A few years later, the Phillips boy began his first occupational endeavor, hiring himself out to area farmers to dig potatoes for 10 cents a day (after completing his chores at home). At age 14, Phillips persuaded a barber in nearby Creston, Iowa, to take him on as an apprentice. Ten years later, Phillips owned all three barber shops in Creston. One of his barbershops was in the basement of a bank in Creston.

Marriage and family
On February 18, 1898, Phillips married Jane Gibson, daughter of the bank president John Gibby, in Creston. They had one son, John Gibson Phillips. Later they adopted two daughters, orphaned sisters whom they named Mary Francis and Sara Jane Phillips, where shortly after his wife unfortunately passed away.

Career
The bank's president, John Gibson, had considered Phillips an up-and-coming entrepreneur for some time. Shortly after Phillips married Jane Gibson, her father asked Phillips to join him in the bond business. Phillips began selling bonds in the New England states and the Chicago area.

During a stop in St. Louis en route back to Creston from Chicago in 1903, Phillips encountered C. B. Larabee, an old friend from Iowa. He was serving as a Methodist missionary to the Osage Indians west of Bartlesville in Indian Territory. The area, which is now Osage County, Oklahoma, was rich in oil, and what proved to be a decades-long boom was just getting underway. Later that year, after Phillips and Gibson made two trips to Bartlesville, Phillips and his younger brother L. E. Phillips organized the Anchor Oil & Gas Company with Gibson's assistance.

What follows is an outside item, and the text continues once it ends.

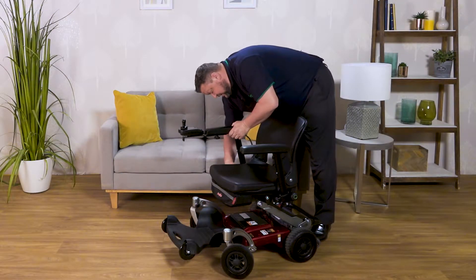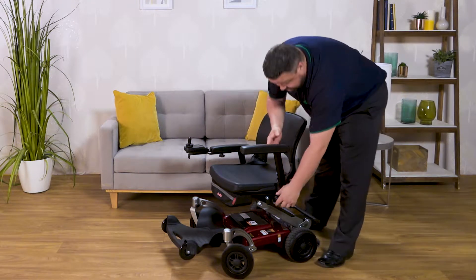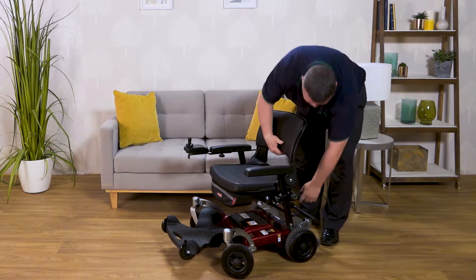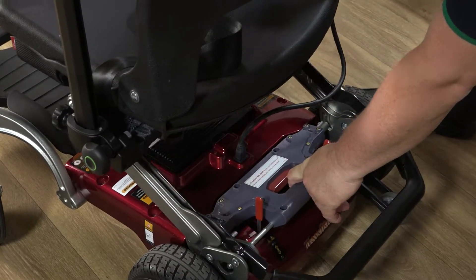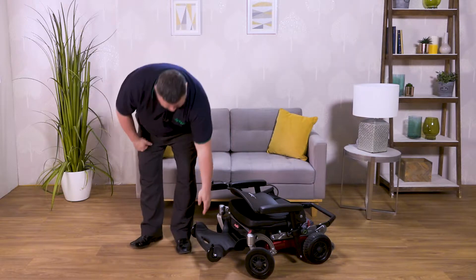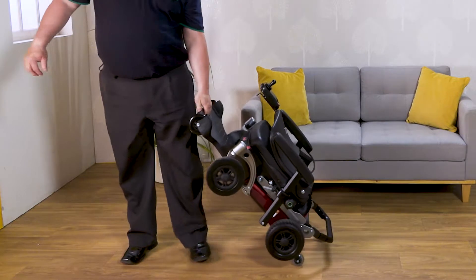The travel chair actually allows you to travel with it. Just dropping the armrests down, drop the seat down to its lowest, and then we have some travel wheels at the back. Lift them up at the front and there we go.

Anchor opened an office in Bartlesville in 1905, secured a driller and drilled its first wildcat well, the Holland No. 1. The men struck oil on June 23, 1905. The brothers' second and third wells were dry holes, and they had barely enough money left to drill a fourth well, the Anna Anderson Number One. The Anna Anderson, completed September 6, 1905, was a gusher, and the successful well enabled the brothers to raise $100,000 through the sale of stock. The Anna Anderson was the first of 80 consecutive producing wells drilled for the brothers' company.

Also in 1905, Frank and L. E. Phillips formed the Lewcinda Oil Company, with brother Waite. Waite, who preferred to work independently, soon left Lewcinda and formed his own bank and oil company, the Independent Oil & Gas Co. in Tulsa. In 1930 he merged it with Phillips Petroleum.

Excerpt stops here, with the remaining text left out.